■ **Exercise prompt**:
Everything in the listing below must be set down again exactly, apart from the pictures.

■ **Data block**:
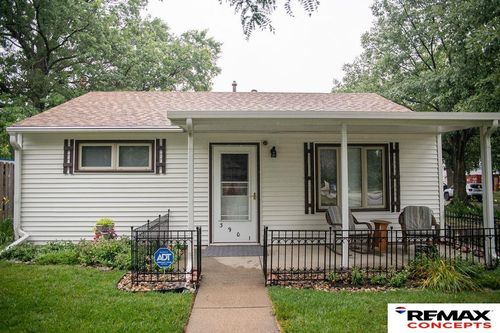 3901 Saint Paul Ave, Lincoln, NE, 68504-2478 | Card Image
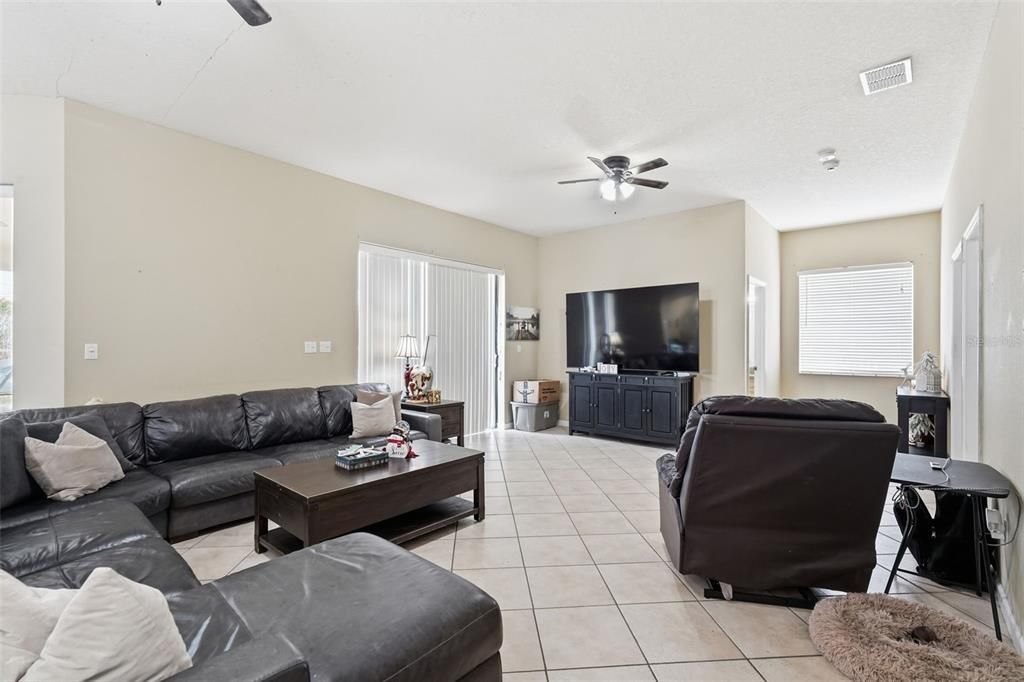 For Sale: $359,900 (5 beds, 3 baths, 2782 Square Feet)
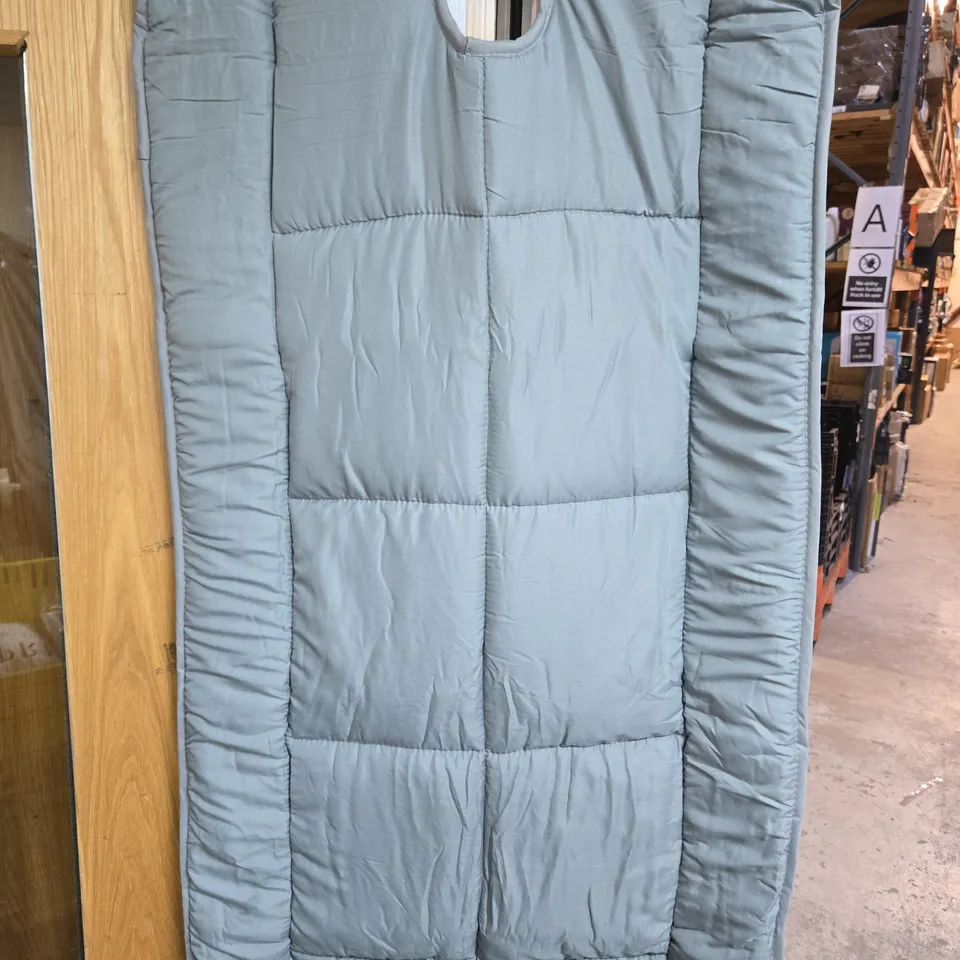 LIGHT BLUE QUILTED PADDED GARMENT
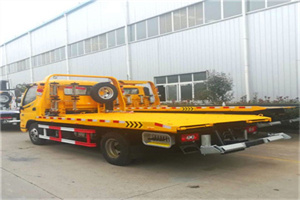 花山附近拖车救援搭电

■ **Reply**:
 3901 Saint Paul Ave, Lincoln, NE, 68504-2478 | Card Image
 For Sale: $359,900 (5 beds, 3 baths, 2782 Square Feet)
 LIGHT BLUE QUILTED PADDED GARMENT
 花山附近拖车救援搭电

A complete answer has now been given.